State Farm's decision to quit providing homeowners insurance in Florida shows that the state's insurance market simply can't survive in its current form. Moreover, the company's exit won't merely leave thousands of Florida homeowners scrambling for a reliable insurer, but it also will add to the financial risk that Florida would face if costly storm damage were to occur.

Indeed, unless Governor Crist and the Legislature swiftly make several painful but necessary changes to Florida's current insurance system, State Farm's retreat places the entire state in grave fiscal peril.

That's because inaction means that Florida's taxpayers will become practically the only major underwriter for coastal property owners, whose homes are among the priciest and most exposed to storms. That could literally mean bankruptcy for a state that's already dealing with a budget crisis.

Whatever State Farm's faults as a company, it at least could back its promises with actual assets -- about $60 billion worth.
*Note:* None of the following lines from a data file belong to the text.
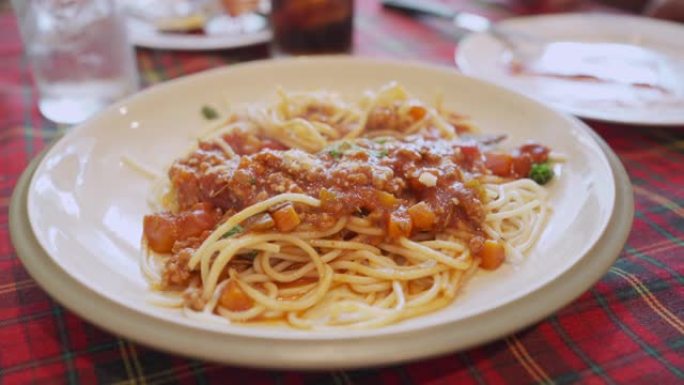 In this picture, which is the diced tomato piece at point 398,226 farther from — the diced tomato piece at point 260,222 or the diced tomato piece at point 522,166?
the diced tomato piece at point 522,166

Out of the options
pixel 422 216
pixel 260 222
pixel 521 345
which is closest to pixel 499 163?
pixel 422 216

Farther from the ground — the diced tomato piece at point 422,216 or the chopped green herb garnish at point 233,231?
the diced tomato piece at point 422,216

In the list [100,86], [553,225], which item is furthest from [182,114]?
[553,225]

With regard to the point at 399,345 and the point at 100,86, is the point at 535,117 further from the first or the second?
the point at 100,86

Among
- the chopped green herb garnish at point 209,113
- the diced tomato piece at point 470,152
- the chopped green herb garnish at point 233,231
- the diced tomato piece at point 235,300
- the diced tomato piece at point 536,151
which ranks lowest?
the diced tomato piece at point 235,300

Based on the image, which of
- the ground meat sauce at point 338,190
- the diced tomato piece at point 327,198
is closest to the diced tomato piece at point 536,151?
the ground meat sauce at point 338,190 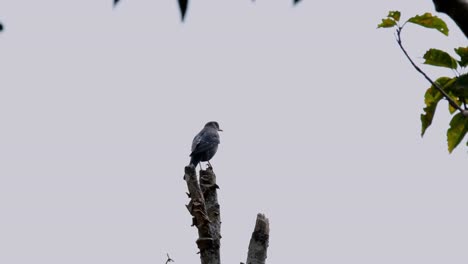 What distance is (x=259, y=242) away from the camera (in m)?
5.29

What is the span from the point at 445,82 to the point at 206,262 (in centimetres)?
288

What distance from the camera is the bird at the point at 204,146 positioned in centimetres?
1264

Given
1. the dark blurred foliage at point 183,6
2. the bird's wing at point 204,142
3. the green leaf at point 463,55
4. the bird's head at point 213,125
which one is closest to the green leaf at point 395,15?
the green leaf at point 463,55

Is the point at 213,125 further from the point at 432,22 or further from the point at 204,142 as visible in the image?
the point at 432,22

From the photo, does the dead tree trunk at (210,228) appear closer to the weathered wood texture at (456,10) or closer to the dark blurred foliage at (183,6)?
the weathered wood texture at (456,10)

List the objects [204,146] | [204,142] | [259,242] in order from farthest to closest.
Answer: [204,142] < [204,146] < [259,242]

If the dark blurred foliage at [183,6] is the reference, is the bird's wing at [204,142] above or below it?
above

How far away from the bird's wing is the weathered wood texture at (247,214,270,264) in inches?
287

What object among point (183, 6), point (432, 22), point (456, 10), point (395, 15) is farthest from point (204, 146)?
point (183, 6)

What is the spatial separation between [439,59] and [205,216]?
9.46 feet

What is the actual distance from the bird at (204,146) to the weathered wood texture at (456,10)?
35.8 feet

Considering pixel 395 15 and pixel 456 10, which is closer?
pixel 456 10

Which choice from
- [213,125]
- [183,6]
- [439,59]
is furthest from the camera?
[213,125]

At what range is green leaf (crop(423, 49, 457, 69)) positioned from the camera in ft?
9.41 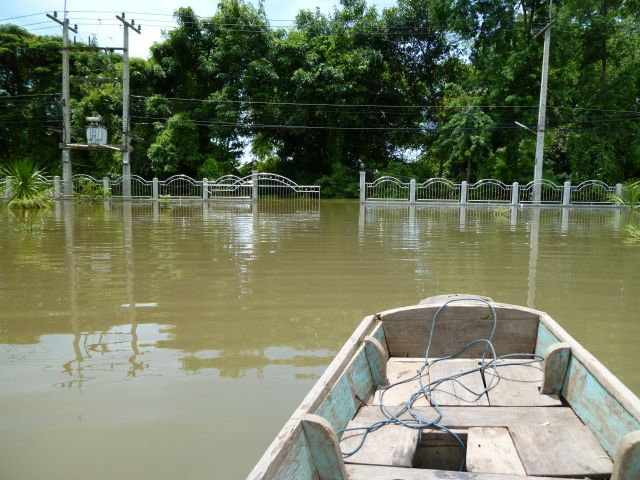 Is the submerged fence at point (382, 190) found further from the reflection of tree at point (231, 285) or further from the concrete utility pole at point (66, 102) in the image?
the reflection of tree at point (231, 285)

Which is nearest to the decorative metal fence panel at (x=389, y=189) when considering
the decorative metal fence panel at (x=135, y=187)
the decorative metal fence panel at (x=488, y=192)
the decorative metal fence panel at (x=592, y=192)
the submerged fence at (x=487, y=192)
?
the submerged fence at (x=487, y=192)

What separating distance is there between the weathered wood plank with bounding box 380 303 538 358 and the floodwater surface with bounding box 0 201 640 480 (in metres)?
0.74

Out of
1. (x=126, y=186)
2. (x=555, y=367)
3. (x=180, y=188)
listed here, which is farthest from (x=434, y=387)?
(x=180, y=188)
Moreover, it charged less than many of its competitors while providing insurance for about one-fifth of all Florida homes.

Only the state itself, through Florida Citizens Property Insurance Corporation, sells more homeowners insurance in Florida. Partly because State Farm is a mutual company operating on a not-for-profit basis, it also wrote lots of coastal coverage that shareholder-owned companies tended to avoid.

Without State Farm, Florida easily could face a fiscal train wreck. No similarly-strong private company exists to take up the slack. In the wake of the ill-conceived property insurance ''reforms'' of January 2007, every sizeable out-of-state provider of homeowners insurance has either entirely withdrawn from the state or severely curtailed its business. The only companies writing significant numbers of new policies are Florida-only companies with fewer real assets.

Unlike State Farm, which purchased plenty of reinsurance (insurance for insurance companies), many of these in-state companies and Citizens rely almost entirely on the state government's own reinsurance entity, the Florida Hurricane Catastrophe Fund.

But the Cat Fund doesn't have sufficient real assets to back up its promises. Rather than making investments, as private reinsurance companies do, the Cat Fund plans to finance its payouts by selling enormous amounts of bonds after a major storm hit, with the debt to be repaid via surcharges on insurance premiums for homes and vehicles.

Under the current law, the state could assume liabilities totaling $32 billion. However, because no state has ever sold more than $11 billion worth of bonds all at one time, the Cat Fund simply cannot keep its promises – especially in today's troubled credit market.

As a result, a costly storm or series of storms almost certainly would cause the collapse of Citizens, the Cat Fund, and many nominally ''private'' companies. Yet because the State of Florida guarantees the solvency of all these entities, Floridians would end up footing the bill.

Moreover, because Florida has no personal income tax and has a statewide cap on property tax rates, the government has no practical way to collect the tax revenue needed to clean up the mess. If Congress doesn't have the appetite to bail out Florida —and there's a good chance that it won't -- the state might well have to take a trip to bankruptcy court.

When the Legislature convenes in March, lawmakers need totough measures to pull Florida back from the brink. They should let the rates rise significantly for both Citizens and other insurers operating in the state – a step that will require real political courage. They should also act to reduce the size of the Cat Fund and encourage Floridians to do more to reinforce their homes against hurricanes.

Indeed, with whatever resources it can muster in tight times, the Legislature should strive to increase funding for the ''My Safe Florida Home'' program, which helps Floridians make their residences less vulnerable to costly storm damage.

Meanwhile, State Farm's exit from the Florida market makes it clear that Floridians – especially those who live near the coasts -- will have to pay higher insurance rates. The alternative, however, is much, much worse.

Eli Lehrer is an Adjunct Scholar of the James Madison Institute, a non-partisan policy center based in Tallahassee, and a Senior Fellow at the Competitive Enterprise Institute.